Liberated at last from all family ties, he sought the open road, working for his daily bread, and returning to take up his abode for a time with his friends, the lepers, whom he nursed and comforted as though they had been his children.

Within four years he had completed the rebuilding of San Damiano, having begged the stones, or money with which to buy them, from the good people of Assisi who were moved by his striking conversion and his constant works of charity. Living upon alms or what he could earn, bravely he had endured the scorn and contempt of his family and former companions.

Down below Assisi there lay another ruined church, long abandoned — Santa Maria degli Angeli, which came to be known as the Portiuncula and was destined to become the cradle of Franciscanism. It was an ideal spot for prayer and contemplation. With the consent of the Benedictines of Mount Subasio who owned the building, Francis set about repairing it as he had that of San Damiano. And to his joy, he was able to induce a priest to come there occasionally and celebrate Mass. It was upon one such occasion in the year 1209, that he felt his call to the apostolate of preaching.

In the restored church, now garnished and made clean by its self-appointed custodian, as the priest turned to read the Gospel of the day, Francis knew suddenly that its words were being addressed by Christ directly to him.

"And going, preach, saying: 'The kingdom of heaven is at hand. Heal the sick, raise the dead, cleanse the lepers, cast out devils. Freely have you received; freely give. Do not possess gold, nor silver, nor money in your purses, nor scrip for your journey, nor two coats, nor shoes, nor a staff; for the workman is worthy of his meat.'"

Francis, stripped of all but his poor tunic, sought the high hill to Assisi and began his preaching in the open square. At first, to but one or two who knew him as the holy man who lived like a hermit, down there below in the old church of Santa Maria degli Angeli. But soon others laid aside their tasks and their errands, standing silently to listen. The words were of great simplicity and love; they repeated only the lessons spoken by Christ. Here was no priest; merely the reformed son of Bernardone, the merchant. But for five years they had observed his total abandonment to God, not as a long-faced penitent, but with the cheerful mien he had always borne, enhanced now by love of his fellow-man and great compassion. His lips were as ready for a smile and a song as they had ever been when he was the carefree master of revels. Men, women, and children came to sit at his feet and listen. He had the gift of touching all hearts.

It was not long before others, drawn irresistibly to his mission, asked to join him. The first requisite was that they should possess nothing. The rich Bernardo of Quintavalle, observing the Gospel precept, sold all his possessions, and distributed the money to the poor. Soon, with Francis, they were twelve, dwelling about the Portiuncula in shelters made of trees, and each day going forth in pairs, to preach penance and love, to tend the sick and the lepers; earning their own bread when possible, begging it otherwise.

"He would say unto them," wrote the Three Companions, "for unto this have we been called — even that we may heal the wounded and bind up the broken-hearted."

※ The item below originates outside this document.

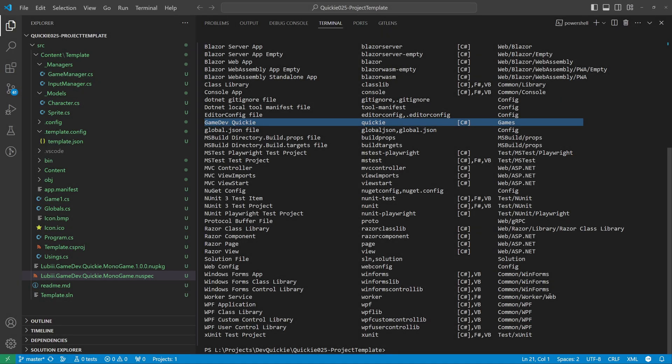Hello and welcome to the Game Dev Quickie. This episode's topic is project templates. The goal is to have a new project template available for everyone to install. Let's get right to it.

One list gives the names of the first brothers as Brother Bernardo, Brother Pietro di Catana, Brother Giles, Brother Sabatinus, Brother Moricus, Brother John of Capella, Brother Philip, Brother Barbarus, a second Brother Bernardo, Brother Angelo Tancredi, Brother Sylvestro, and Brother John of Saint Constantia. They were twelve in all, as had been the Apostles of Christ.

But while Bernardo of Quintavalle, Giles, Angelo, and a few of those first friars live on in the Franciscan tradition, other names, intimately associated with Francis as his work progressed, have come down to us also in the fascinating literature left by those who knew him, and those to whom his story remained fresh.

One of his friars, Brother Thomas of Celano, wrote two biographies of the founder: one in 1228, two years after the death of Francis, and the other in 1247. The Legend of Saint Francis, by the Three Companions — Brothers Leo, Angelo, and Rufino, of whom Brother Leo was his most intimate friend — was written in the year 1246. Saint Bonaventura, who served as minister-general of the Order, wrote a life of Francis in 1260. The exquisite collection, the Fioretti, known as the "Little Flowers of Saint Francis," with its accounts of the first friars, and of the enchanting Brother Juniper, that "jester of the Lord," was written about 1385. These, with the Speculum Perfectionis — that "Mirror of Perfection," as Francis was regarded — which appeared in 1504, are the main sources from which modern biographers have drawn. They preserve the fragrance of a life which had cast its spell and exercised its indescribable charm upon the Italy of the day, and many other lands.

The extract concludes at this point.